Craig M. Scariot of Longmont, Colo., and founder of Wyoming Investment Management Services, agreed to a censure and fine of $10,000.
 
Santa Fe, N.M. resident David A. Nagler, founder of New Line Capital LLC, settled for a censure and $25,000 fine. The SEC alleged that Nagler also misrepresented New Line’s assets under management.
 
A third advisor, Brenda L. Ridley of Bakersfield, Calif., founder of RIA firm Arete Ltd., which did business as Sky Peak Capital Management, agreed to an industry bar.
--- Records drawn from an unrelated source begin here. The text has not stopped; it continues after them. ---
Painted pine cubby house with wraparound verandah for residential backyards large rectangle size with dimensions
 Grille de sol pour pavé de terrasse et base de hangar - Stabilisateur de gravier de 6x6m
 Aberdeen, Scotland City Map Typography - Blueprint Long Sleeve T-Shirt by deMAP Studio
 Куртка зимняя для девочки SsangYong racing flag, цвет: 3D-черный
Arete ceased doing business in 2013 after settling an unrelated case with Colorado securities regulators.
 
The three advisors neither admitted or denied the SEC’s findings.
 
All the firms registered as Wyoming-based RIAs after the Dodd-Frank Act increased the threshold for SEC registration to $100 million or more in assets.
 
Wyoming does not regulate investment advisors, so all RIA firms based in the state, regardless of size, are required to register with the SEC.
 
“These investment advisors made false filings to become SEC-registered and risked giving investors the misleading appearance that they were larger firms with more assets,” said Julie Lutz, director of the SEC’s Denver office, in a statement.
 
Another reason some advisors wanted to stay with the SEC was to avoid multiple state registrations, said Cindi Hill, of Hill Compliance Advisors in San Diego.
 
State-registered advisors must register in every state where they have more than a de minimis number of clients, Hill said, while SEC-registered advisors can make simpler “notice filings” in all the states where they do business, Hill said.
 
Reached by phone, Scariot had no immediate comment. Messages left for Nagler and Ridley were not immediately returned Wednesday.